Lucent finally has a dedicated enterprise networking division to call its very own. The communications equipment giant last week split off its campus and WAN-access product families from the sprawling data-products group and merged them with Lucent's voice product lines into a single entity called Lucent Enterprise Networks.
Lucent's old data products group had been dominated by hot-selling, carrier-class ATM, IP switching and access-concentration products. This led to less visibility for Lucent's Gigabit Ethernet and ATM workgroup products, which the company acquired via acquisitions.
Now those enterprise products - including the Cajun line of Ethernet switches and ATM multifunction switches, and the Pipeline routers that Lucent acquired when it bought Ascend Communications - will join Lucent's hugely popular PBX and call-centre products in one organisation aimed squarely at corporate nets.

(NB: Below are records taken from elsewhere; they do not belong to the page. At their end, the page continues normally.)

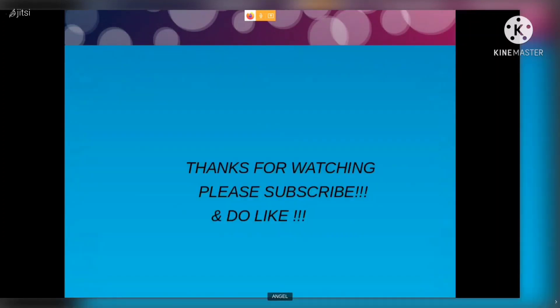Thank you for staying with us till the end and do subscribe and hit that like button.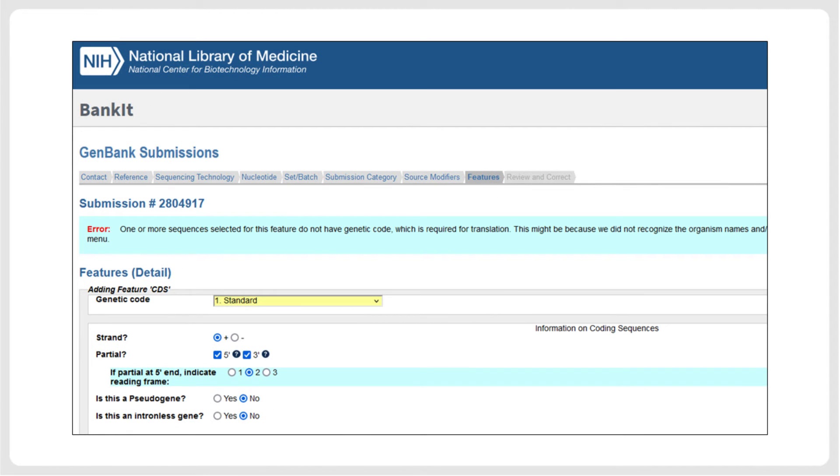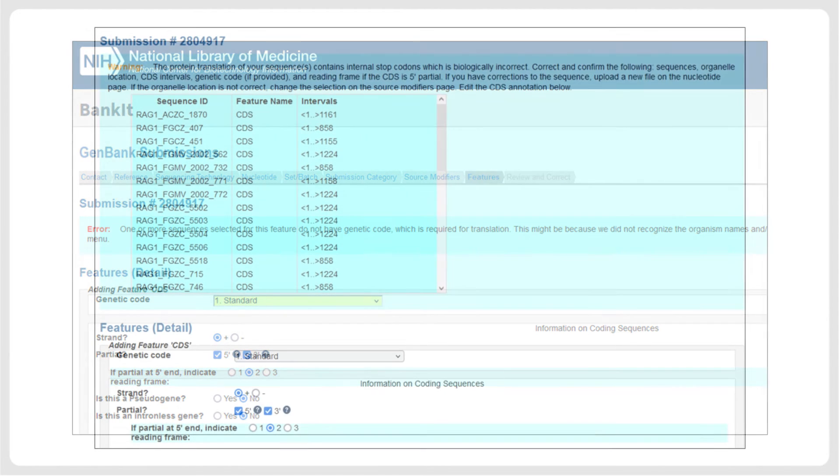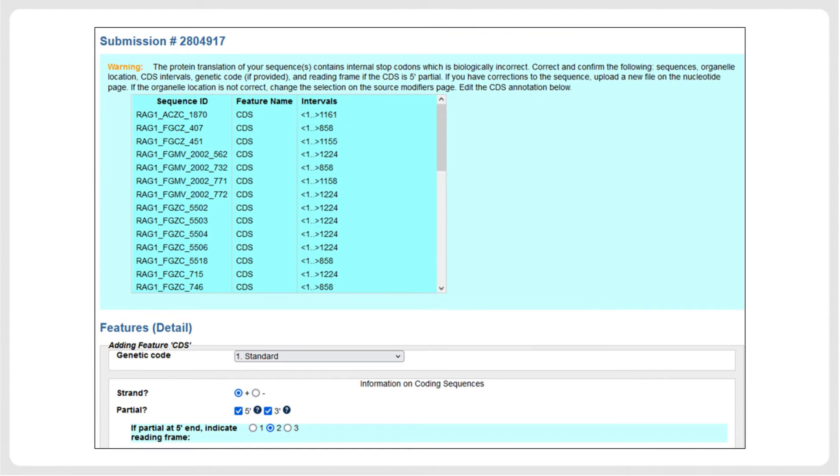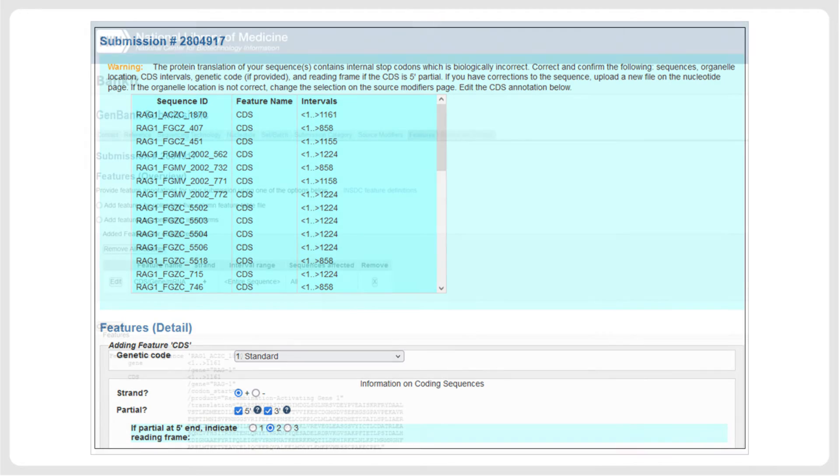In the next step, we need to specify the genetic code, which in our case is standard. If we have specified the wrong reading frame, an error message appears. As long as all sequences are in the same reading frame, we can easily correct this by choosing the correct reading frame, and then pressing the Accept button at the end of the page again.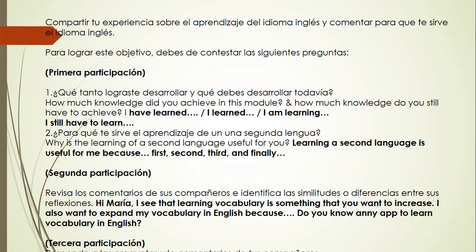Remember that this learning forum is for you to express what you learned during this module. What you have to do in the learning forum is answer some questions. The first one is: how much knowledge did you achieve in this module? And how much knowledge do you still have to achieve?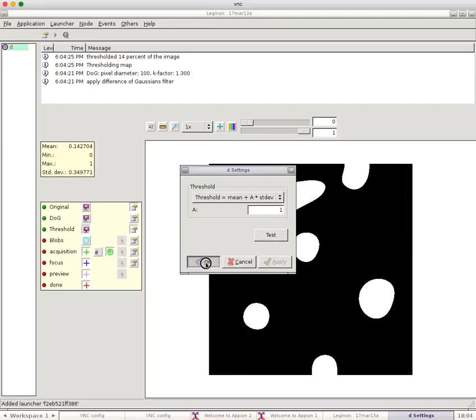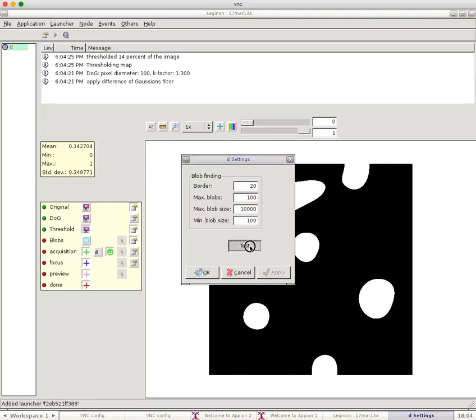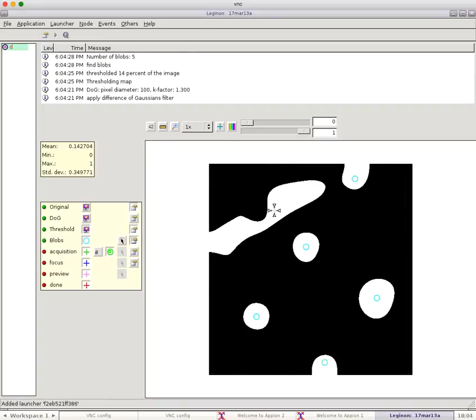Then I'm going to threshold the image. I'm going to do blob finder. So it eliminated this hole, but it found the other five holes. This one had too large of an area.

Lucent Enterprise Networks will now undertake major, coordinated initiatives in reseller recruitment and training, global direct marketing, and electronic commerce, in an effort to topple Cisco and Nortel Networks from their perches in corporate market share, says Bill O'Shea, the unit's new executive vice president.

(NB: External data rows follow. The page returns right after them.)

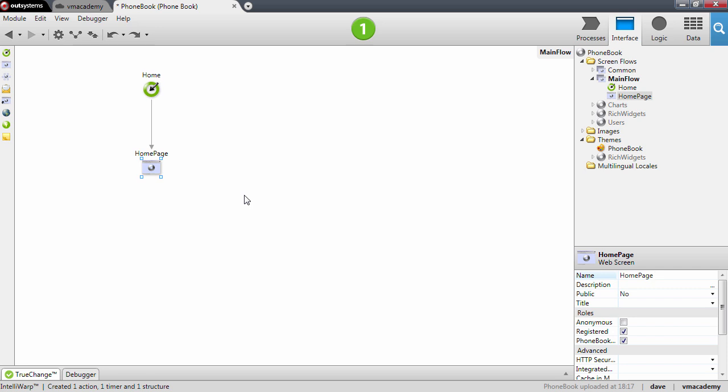In this lesson we will fetch the contacts from the database and display them on the home page.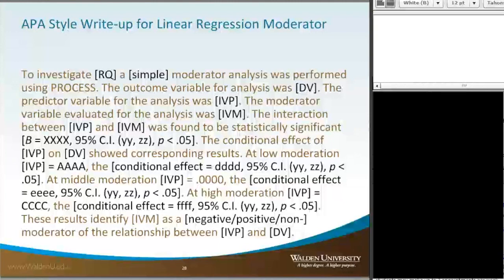The predictor variable for the analysis was our IVP, whatever your predictor variable is. The moderator variable evaluated for the analysis was your independent variable M. The interaction between IVP and M was found to be statistically significant. We put in the beta, which is the coefficient, and then we would list the confidence interval and P being less than 0.05.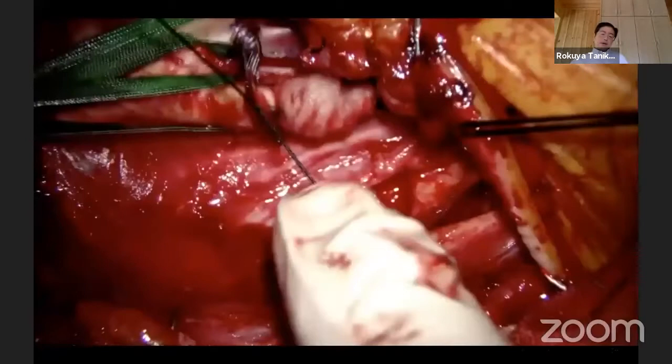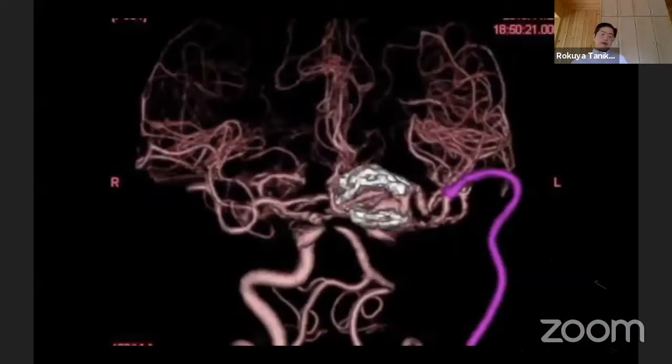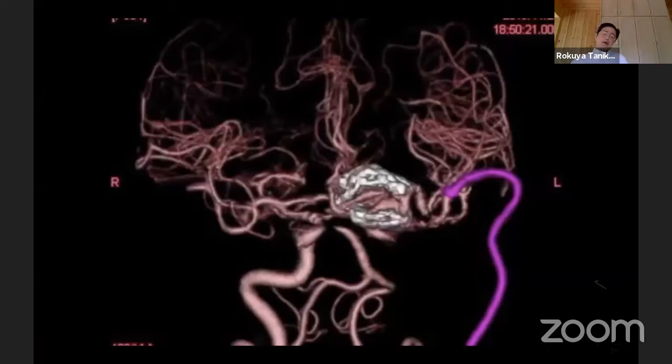With the ICA occlusion, the anterior choroidal artery could be preserved. So in this case, just proximal ligation of the internal carotid artery — no touch to the aneurysm. The patient recovered well without neurological deficit except persistent oculomotor nerve palsy.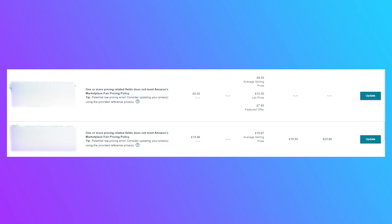Now I'm going to show you another overlay of a low priced error whereby Amazon is telling us that our prices are too low and we need to get them fixed. So even when your price is too low, Amazon will still highlight that for you.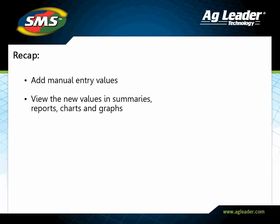You have now learned how to add manual entries and display those new prorated values. Please review the other tutorials to learn how to utilize other key features of the software.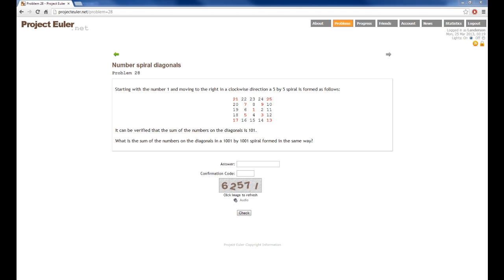Hey everyone. In this screencast I want to show you how I go about coding the solution to a problem, how I go about testing throughout the coding process to make sure the little sections work, to make sure the whole thing works how I want it to, and when something does inevitably go wrong, how I go about finding what's wrong with my code.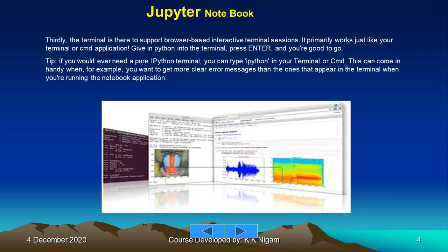A tip is if you would ever need a pure iPython terminal, you can type Python in your terminal or cmd. This can come in handy when you want to get clearer about the various messages that appear in the terminal when you're running the notebook application.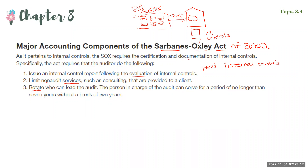External auditors are also supposed to rotate who leads the audit for a company. The new law says you should rotate that leader every seven years, because you don't want the leader getting too entrenched with the company. Fresh eyes always help, and it also prevents conflicts of interest.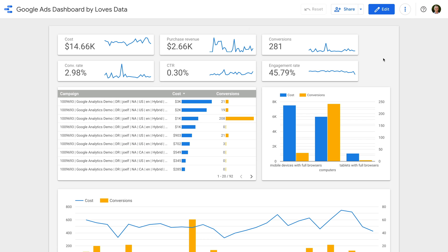Hey there, I'm Benjamin from Loves Data, and in this tutorial I'm going to show you how to create this Google Ads dashboard in Google Data Studio. By creating your dashboard in Google Data Studio, you can choose which metrics to include, how data is presented, and even customize the look of your dashboard.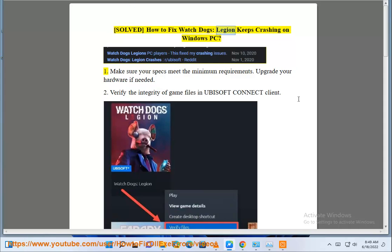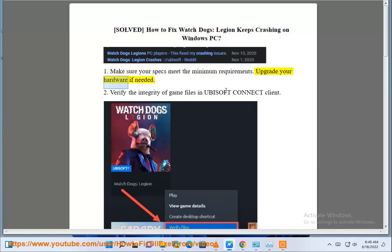Solved: How to fix Watch Dogs Legion keeps crashing on Windows PC. Step 1: Make sure your specs meet the minimum requirements. Upgrade your hardware if needed.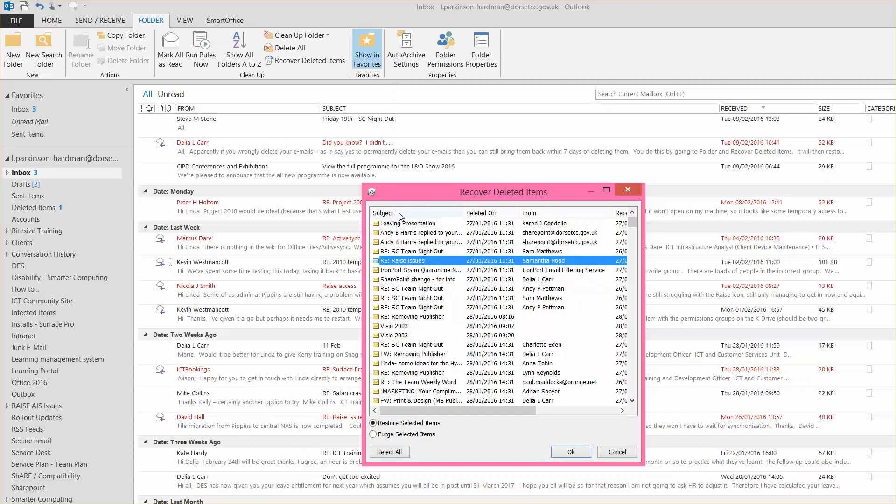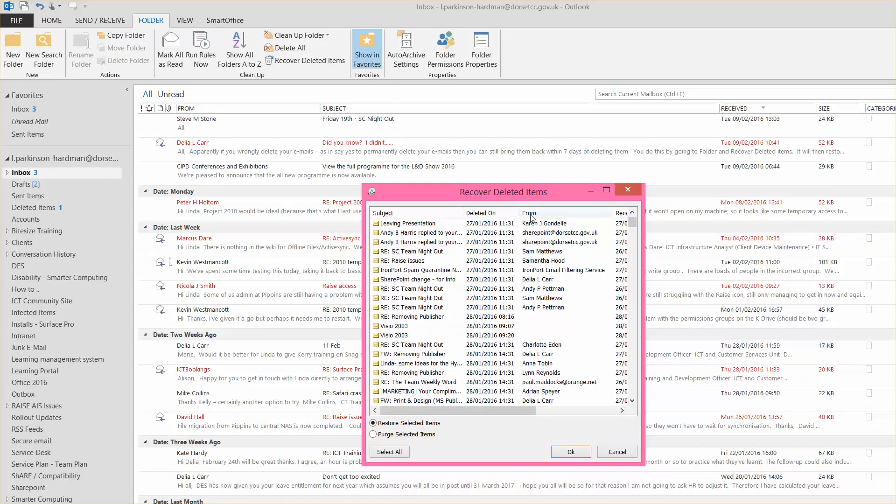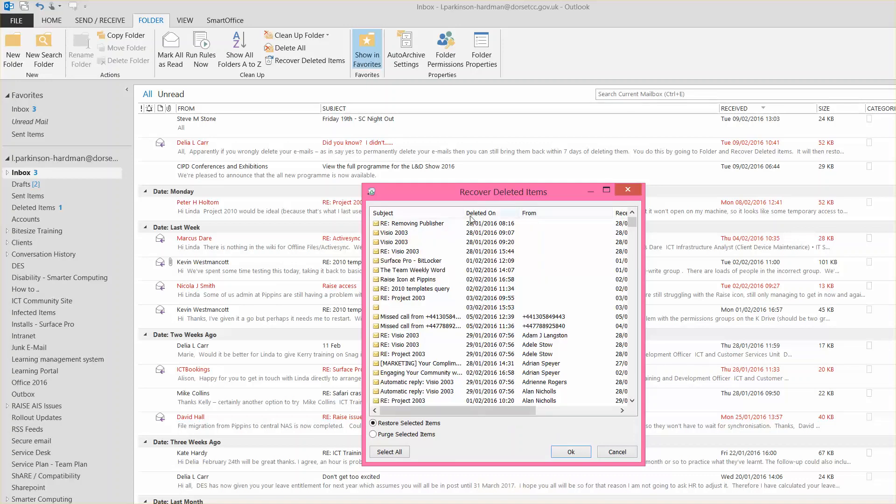Select the ones you want to recover, and to make it easy you can use the column titles to sort the results by date, subject, or people for example. Make sure that Recover selected items is checked and then click OK.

Independent resellers of the Pipeline, Cajun, Systimax cabling and telephony products will be brought together `into a single indirect channel reporting to me', O'Shea said.
A large training budget will ensure the resellers will be able to cross-sell products `much better than we have in the past'. On the direct sales side, former BCS sales reps will be given quotas to produce sales leads for the firm's data products.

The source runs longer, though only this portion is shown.